Dataset entries:
((

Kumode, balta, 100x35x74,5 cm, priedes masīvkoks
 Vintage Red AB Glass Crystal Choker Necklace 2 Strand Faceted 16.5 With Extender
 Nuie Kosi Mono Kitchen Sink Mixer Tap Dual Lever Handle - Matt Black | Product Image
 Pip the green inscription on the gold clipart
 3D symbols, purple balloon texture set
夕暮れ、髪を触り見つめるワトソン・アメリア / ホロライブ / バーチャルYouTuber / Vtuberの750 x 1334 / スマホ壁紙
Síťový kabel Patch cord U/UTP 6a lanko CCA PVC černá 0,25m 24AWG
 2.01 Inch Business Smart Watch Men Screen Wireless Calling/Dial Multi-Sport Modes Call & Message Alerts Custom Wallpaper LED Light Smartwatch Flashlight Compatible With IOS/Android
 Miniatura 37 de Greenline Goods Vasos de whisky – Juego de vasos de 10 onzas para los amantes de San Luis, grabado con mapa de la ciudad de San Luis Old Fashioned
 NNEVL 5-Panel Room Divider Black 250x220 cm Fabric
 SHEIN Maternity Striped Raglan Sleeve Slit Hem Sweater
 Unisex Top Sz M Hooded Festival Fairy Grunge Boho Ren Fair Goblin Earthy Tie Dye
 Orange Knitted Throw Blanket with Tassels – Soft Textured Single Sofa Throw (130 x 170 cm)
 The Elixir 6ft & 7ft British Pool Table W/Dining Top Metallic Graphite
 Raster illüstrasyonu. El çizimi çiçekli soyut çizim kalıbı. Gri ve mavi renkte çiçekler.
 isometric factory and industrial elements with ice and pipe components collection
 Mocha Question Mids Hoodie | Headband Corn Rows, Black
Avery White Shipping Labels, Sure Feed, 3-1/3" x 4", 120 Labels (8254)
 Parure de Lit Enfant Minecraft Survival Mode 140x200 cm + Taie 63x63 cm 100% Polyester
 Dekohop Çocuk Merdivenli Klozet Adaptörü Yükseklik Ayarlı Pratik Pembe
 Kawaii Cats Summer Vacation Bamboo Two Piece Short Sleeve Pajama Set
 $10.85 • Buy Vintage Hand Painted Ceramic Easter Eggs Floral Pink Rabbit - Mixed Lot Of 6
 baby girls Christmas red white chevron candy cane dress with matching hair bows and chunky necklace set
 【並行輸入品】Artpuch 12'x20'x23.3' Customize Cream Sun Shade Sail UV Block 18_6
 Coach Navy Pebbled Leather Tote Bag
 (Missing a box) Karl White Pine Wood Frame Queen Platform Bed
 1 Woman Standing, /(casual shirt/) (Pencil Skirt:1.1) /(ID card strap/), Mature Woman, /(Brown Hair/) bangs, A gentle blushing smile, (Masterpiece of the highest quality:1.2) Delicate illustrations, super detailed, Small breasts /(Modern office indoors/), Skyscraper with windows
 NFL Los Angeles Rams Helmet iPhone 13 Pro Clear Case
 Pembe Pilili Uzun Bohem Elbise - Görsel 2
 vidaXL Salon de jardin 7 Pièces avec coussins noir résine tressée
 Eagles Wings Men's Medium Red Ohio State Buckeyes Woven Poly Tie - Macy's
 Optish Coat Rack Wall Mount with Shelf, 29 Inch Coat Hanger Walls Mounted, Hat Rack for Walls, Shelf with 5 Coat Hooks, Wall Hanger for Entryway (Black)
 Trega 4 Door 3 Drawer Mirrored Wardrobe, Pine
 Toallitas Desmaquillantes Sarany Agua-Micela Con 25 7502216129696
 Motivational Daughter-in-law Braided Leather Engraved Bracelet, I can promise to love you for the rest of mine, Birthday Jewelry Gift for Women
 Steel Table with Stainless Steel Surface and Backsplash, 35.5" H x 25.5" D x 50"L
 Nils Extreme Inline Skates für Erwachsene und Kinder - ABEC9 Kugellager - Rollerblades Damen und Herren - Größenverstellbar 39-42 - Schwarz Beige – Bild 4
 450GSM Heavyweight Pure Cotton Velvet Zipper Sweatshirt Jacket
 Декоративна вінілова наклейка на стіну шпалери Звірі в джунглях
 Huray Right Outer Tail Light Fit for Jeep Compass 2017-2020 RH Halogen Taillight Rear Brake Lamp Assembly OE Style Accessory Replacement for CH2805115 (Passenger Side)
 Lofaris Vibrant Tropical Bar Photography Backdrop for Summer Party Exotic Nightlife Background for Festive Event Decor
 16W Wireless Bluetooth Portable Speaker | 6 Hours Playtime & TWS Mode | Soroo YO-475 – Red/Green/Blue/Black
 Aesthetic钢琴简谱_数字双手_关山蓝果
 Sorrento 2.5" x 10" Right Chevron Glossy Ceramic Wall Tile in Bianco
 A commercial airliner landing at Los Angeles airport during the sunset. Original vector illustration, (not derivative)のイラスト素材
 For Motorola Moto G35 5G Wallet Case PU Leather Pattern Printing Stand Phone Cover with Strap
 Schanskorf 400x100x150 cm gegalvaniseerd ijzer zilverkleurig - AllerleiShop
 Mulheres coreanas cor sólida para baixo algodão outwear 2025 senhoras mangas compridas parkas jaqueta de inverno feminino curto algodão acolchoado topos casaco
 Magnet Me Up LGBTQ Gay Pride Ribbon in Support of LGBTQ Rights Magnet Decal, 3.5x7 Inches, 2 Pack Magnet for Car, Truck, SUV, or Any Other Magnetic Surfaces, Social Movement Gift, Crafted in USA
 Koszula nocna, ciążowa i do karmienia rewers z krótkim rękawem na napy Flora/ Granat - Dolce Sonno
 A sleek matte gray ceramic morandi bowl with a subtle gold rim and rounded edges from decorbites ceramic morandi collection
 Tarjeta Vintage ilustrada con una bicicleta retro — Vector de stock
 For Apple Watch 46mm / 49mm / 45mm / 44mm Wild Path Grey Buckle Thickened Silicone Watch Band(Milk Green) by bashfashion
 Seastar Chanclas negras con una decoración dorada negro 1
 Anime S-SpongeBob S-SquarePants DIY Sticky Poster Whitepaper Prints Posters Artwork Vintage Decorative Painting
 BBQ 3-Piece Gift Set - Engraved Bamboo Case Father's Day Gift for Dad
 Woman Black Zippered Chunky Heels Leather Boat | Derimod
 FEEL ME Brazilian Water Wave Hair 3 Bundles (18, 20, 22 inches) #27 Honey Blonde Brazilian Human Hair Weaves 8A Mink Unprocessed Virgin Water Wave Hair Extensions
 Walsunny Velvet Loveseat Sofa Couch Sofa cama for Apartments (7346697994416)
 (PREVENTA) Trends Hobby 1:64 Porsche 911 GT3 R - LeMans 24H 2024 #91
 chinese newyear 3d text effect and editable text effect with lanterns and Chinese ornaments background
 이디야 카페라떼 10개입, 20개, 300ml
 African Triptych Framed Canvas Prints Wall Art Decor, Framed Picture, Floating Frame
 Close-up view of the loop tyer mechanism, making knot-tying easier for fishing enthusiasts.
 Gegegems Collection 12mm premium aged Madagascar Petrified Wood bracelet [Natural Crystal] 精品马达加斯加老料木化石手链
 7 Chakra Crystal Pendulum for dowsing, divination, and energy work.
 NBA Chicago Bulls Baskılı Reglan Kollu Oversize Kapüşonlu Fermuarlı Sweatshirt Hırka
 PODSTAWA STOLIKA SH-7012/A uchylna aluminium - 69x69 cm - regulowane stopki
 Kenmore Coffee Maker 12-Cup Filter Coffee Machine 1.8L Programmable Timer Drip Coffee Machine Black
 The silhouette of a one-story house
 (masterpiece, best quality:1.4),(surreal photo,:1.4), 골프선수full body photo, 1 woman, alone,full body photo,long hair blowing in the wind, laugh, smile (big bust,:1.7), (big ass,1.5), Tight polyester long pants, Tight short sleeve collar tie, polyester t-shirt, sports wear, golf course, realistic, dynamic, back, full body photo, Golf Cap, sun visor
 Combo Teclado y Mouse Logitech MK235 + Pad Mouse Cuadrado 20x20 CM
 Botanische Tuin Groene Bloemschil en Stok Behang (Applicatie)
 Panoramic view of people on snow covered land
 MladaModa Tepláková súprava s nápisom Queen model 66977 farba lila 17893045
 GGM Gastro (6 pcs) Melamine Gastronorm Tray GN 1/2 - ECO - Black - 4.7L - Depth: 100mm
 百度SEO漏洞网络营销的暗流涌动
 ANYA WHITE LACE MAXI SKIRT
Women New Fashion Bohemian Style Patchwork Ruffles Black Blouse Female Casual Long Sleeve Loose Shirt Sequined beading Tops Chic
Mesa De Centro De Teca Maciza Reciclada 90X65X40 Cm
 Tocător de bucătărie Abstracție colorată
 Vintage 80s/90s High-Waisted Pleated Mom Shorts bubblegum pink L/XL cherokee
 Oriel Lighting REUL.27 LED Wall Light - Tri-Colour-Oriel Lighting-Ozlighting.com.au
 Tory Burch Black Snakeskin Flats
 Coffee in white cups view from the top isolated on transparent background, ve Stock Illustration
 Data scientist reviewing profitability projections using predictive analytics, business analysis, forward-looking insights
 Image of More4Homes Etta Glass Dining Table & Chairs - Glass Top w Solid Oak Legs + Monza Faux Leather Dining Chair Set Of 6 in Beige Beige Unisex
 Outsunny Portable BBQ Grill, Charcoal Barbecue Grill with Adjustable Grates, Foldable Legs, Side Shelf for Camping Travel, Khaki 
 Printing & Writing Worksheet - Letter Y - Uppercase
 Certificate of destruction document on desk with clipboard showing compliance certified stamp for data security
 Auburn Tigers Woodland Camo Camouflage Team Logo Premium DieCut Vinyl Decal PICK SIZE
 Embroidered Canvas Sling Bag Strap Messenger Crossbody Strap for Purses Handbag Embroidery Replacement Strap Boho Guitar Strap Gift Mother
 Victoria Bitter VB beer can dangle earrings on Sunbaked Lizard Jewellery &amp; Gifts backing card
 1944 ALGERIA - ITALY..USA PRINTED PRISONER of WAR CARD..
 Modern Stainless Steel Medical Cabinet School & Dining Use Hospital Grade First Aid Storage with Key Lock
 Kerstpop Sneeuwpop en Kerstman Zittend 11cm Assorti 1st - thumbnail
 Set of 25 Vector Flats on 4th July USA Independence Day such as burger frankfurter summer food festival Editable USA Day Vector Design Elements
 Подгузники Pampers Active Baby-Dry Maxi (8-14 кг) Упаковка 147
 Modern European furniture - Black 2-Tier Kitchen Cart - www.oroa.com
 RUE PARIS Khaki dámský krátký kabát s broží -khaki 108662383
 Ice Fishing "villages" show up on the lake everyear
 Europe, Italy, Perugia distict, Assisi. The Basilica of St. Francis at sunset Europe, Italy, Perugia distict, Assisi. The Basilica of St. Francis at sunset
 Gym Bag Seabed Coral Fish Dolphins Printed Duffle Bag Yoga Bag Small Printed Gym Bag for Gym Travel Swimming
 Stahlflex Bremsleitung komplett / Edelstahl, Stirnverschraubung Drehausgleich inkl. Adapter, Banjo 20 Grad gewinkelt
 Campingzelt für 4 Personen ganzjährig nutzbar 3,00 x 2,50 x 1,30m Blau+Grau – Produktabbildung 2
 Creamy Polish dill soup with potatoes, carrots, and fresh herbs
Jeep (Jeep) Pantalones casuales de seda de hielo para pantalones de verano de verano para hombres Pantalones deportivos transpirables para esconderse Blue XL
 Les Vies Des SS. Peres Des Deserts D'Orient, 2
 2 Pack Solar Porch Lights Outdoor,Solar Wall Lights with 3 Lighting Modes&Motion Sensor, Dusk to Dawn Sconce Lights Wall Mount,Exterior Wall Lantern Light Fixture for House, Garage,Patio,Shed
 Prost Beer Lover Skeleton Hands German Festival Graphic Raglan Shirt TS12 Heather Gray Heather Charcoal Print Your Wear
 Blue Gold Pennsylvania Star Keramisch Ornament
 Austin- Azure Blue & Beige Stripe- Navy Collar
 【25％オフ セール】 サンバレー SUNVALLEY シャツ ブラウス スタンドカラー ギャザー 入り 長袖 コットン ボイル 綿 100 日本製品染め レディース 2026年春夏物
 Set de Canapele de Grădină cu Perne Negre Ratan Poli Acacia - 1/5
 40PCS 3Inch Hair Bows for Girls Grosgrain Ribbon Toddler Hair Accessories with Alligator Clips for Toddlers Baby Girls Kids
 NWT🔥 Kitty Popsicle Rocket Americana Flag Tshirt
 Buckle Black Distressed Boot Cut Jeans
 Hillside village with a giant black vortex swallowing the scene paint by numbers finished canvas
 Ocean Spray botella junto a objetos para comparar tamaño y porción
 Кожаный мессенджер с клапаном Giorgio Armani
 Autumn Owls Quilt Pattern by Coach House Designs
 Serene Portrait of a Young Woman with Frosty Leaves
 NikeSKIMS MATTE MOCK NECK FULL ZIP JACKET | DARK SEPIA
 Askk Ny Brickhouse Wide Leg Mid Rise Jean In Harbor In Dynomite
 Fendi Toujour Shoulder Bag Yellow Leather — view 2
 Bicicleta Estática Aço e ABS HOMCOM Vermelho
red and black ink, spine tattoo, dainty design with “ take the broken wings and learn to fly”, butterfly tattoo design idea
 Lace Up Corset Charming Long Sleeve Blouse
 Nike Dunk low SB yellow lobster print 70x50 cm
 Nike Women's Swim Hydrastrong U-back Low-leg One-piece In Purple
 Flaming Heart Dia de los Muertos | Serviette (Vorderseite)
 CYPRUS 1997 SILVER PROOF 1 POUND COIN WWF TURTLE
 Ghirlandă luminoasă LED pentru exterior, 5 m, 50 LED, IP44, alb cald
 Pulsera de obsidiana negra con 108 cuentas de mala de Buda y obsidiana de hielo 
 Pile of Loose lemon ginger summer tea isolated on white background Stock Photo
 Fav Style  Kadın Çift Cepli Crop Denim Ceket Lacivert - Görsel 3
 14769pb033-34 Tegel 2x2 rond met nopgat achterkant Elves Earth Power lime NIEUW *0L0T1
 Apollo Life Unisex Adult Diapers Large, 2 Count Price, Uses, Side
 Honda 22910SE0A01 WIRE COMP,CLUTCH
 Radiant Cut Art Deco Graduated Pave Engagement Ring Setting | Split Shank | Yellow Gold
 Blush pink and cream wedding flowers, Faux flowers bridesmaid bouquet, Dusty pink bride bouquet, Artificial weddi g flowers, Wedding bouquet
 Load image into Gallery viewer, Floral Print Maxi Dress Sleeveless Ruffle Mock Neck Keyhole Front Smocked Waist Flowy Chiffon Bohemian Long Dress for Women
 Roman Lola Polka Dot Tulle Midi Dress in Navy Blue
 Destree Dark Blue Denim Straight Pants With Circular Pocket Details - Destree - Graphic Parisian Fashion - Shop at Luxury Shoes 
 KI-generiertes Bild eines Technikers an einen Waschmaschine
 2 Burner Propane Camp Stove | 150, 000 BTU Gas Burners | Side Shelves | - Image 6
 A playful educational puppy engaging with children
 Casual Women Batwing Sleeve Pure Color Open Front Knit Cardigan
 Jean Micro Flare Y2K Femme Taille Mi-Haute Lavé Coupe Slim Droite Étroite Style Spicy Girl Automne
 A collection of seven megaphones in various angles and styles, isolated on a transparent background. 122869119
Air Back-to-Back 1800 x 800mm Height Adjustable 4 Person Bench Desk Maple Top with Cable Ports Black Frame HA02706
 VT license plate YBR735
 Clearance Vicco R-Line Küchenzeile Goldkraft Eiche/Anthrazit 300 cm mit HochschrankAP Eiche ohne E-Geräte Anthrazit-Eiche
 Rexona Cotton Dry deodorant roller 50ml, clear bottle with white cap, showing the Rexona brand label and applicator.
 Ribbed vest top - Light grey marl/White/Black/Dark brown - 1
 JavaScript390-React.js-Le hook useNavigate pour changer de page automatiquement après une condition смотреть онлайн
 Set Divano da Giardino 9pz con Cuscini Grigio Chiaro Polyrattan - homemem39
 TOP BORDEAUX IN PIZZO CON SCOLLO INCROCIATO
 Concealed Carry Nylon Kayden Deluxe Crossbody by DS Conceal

))

(TASK):
Out of the records above, pick each line that contains the string "Mount".

(WORKED SOLUTION):
 Optish Coat Rack Wall Mount with Shelf, 29 Inch Coat Hanger Walls Mounted, Hat Rack for Walls, Shelf with 5 Coat Hooks, Wall Hanger for Entryway (Black)
 2 Pack Solar Porch Lights Outdoor,Solar Wall Lights with 3 Lighting Modes&Motion Sensor, Dusk to Dawn Sconce Lights Wall Mount,Exterior Wall Lantern Light Fixture for House, Garage,Patio,Shed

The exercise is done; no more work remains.